The Association for Public Art (aPA) is deeply saddened by the passing of Charles E. Mather III, Esquire, who served as a trustee, advocate, and supporter of aPA for decades. Mr. Mather joined the Board of aPA in 1975 (then the Fairmount Park Art Association) and was its longest-serving president – for 28 years from 1985-2013.

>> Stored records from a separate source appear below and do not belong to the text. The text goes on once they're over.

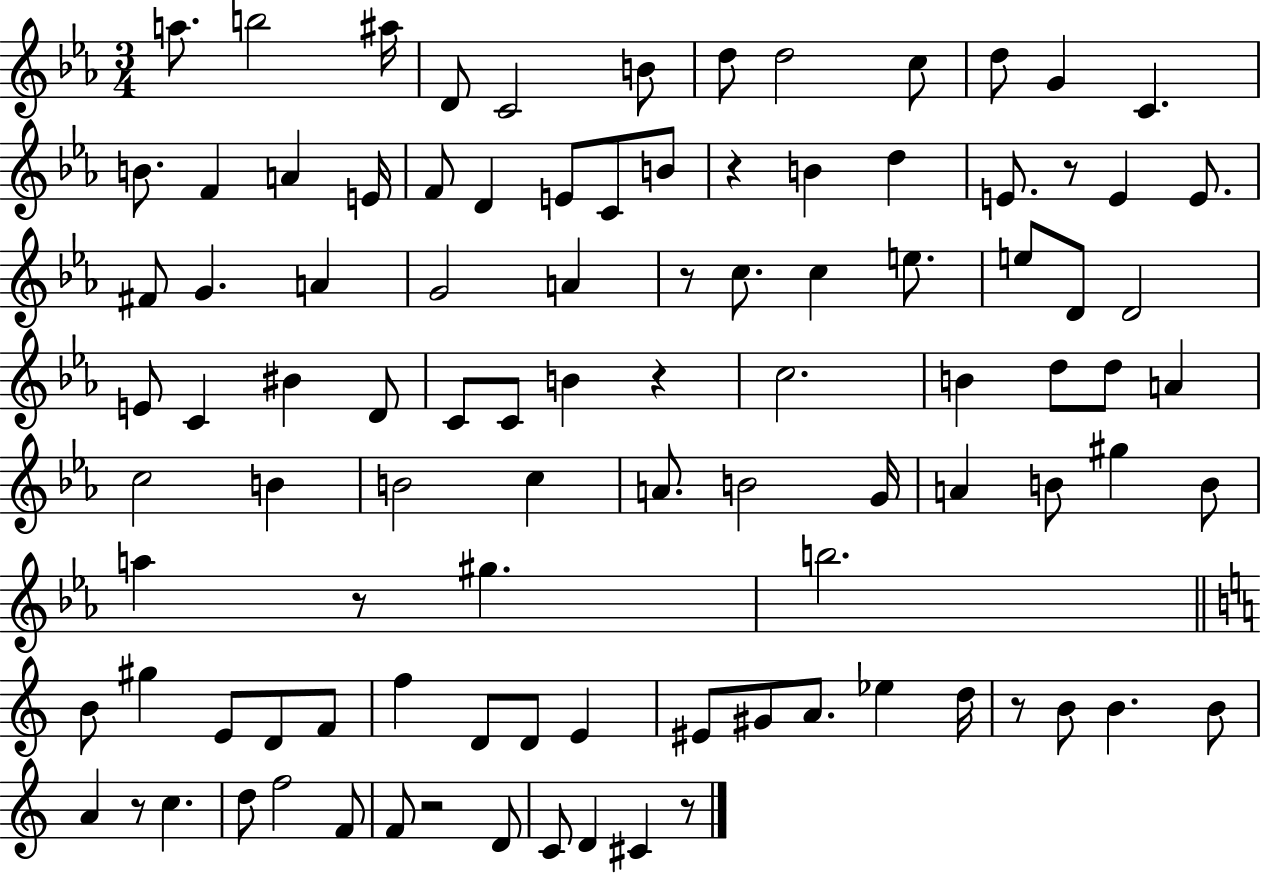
X:1
T:Untitled
M:3/4
L:1/4
K:Eb
a/2 b2 ^a/4 D/2 C2 B/2 d/2 d2 c/2 d/2 G C B/2 F A E/4 F/2 D E/2 C/2 B/2 z B d E/2 z/2 E E/2 ^F/2 G A G2 A z/2 c/2 c e/2 e/2 D/2 D2 E/2 C ^B D/2 C/2 C/2 B z c2 B d/2 d/2 A c2 B B2 c A/2 B2 G/4 A B/2 ^g B/2 a z/2 ^g b2 B/2 ^g E/2 D/2 F/2 f D/2 D/2 E ^E/2 ^G/2 A/2 _e d/4 z/2 B/2 B B/2 A z/2 c d/2 f2 F/2 F/2 z2 D/2 C/2 D ^C z/2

Mr. Mather was committed to expanding Philadelphia’s collection of public art through commissioning and acquiring public sculptures. During his leadership, the Association carried out the commissioning initiative Form and Function, which led to the permanent installation of a number of beloved public artworks, including Jody Pinto’s Fingerspan (1987) along the Wissahickon Creek and Martin Puryear’s Pavilion in the Trees (1993) near the Fairmount Park Horticulture Center.

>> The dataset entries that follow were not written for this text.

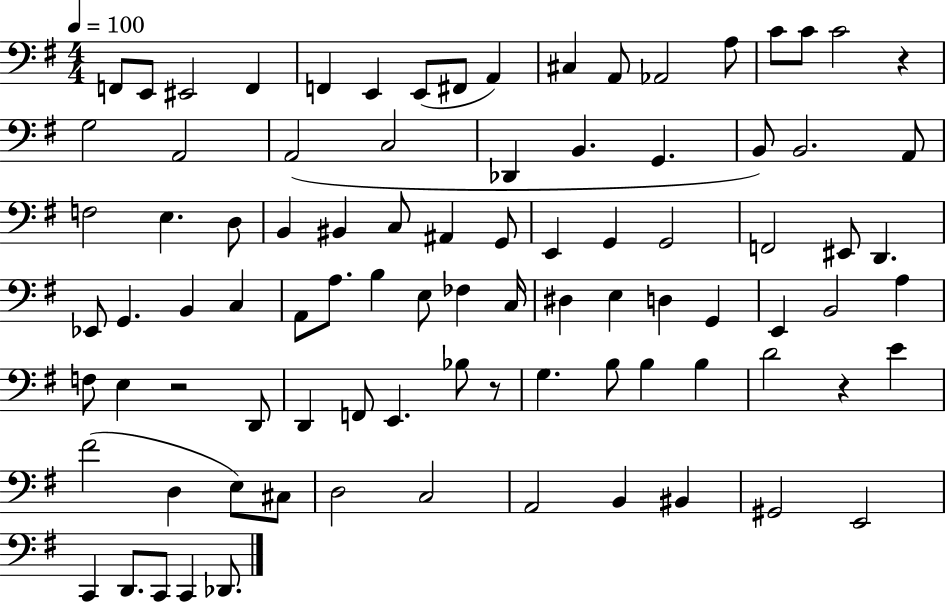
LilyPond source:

{
  \clef bass
  \numericTimeSignature
  \time 4/4
  \key g \major
  \tempo 4 = 100
  f,8 e,8 eis,2 f,4 | f,4 e,4 e,8( fis,8 a,4) | cis4 a,8 aes,2 a8 | c'8 c'8 c'2 r4 | \break g2 a,2 | a,2( c2 | des,4 b,4. g,4. | b,8) b,2. a,8 | \break f2 e4. d8 | b,4 bis,4 c8 ais,4 g,8 | e,4 g,4 g,2 | f,2 eis,8 d,4. | \break ees,8 g,4. b,4 c4 | a,8 a8. b4 e8 fes4 c16 | dis4 e4 d4 g,4 | e,4 b,2 a4 | \break f8 e4 r2 d,8 | d,4 f,8 e,4. bes8 r8 | g4. b8 b4 b4 | d'2 r4 e'4 | \break fis'2( d4 e8) cis8 | d2 c2 | a,2 b,4 bis,4 | gis,2 e,2 | \break c,4 d,8. c,8 c,4 des,8. | \bar "|."
}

“We will all miss him so – his quick wit, amazing knowledge of all things and kind and gentle nature,” said his daughter, Dorothy Ix. “He loved his work with aPA so much.”

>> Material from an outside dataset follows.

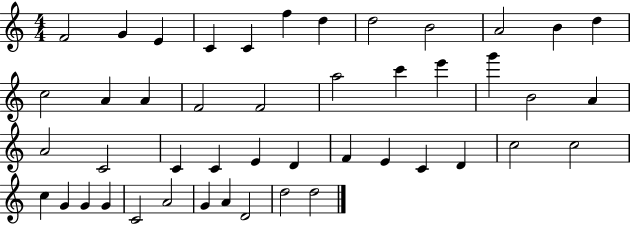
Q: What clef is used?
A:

He was also committed to the preservation of public art, including extensive conservation treatment of Louise Nevelson’s Atmosphere and Environment XII (1970) that the Association oversaw in 2007.
Other notable acquisitions of the Association that Mr. Mather endorsed include Mark di Suvero’s Iroquois and Barbara Hepworth’s Rock Form (Porthcurno) sculptures, installed along the Parkway in 2007 and 2012, respectively, with the support of the late David N. Pincus.
“We will miss his ‘calm humor’ and ‘gentle wit’ as aPA Board members have described him,” said aPA Executive Director & Chief Curator, Penny Balkin Bach. “He has made a lasting impression on this organization, and his legacy of service will not soon be forgotten.”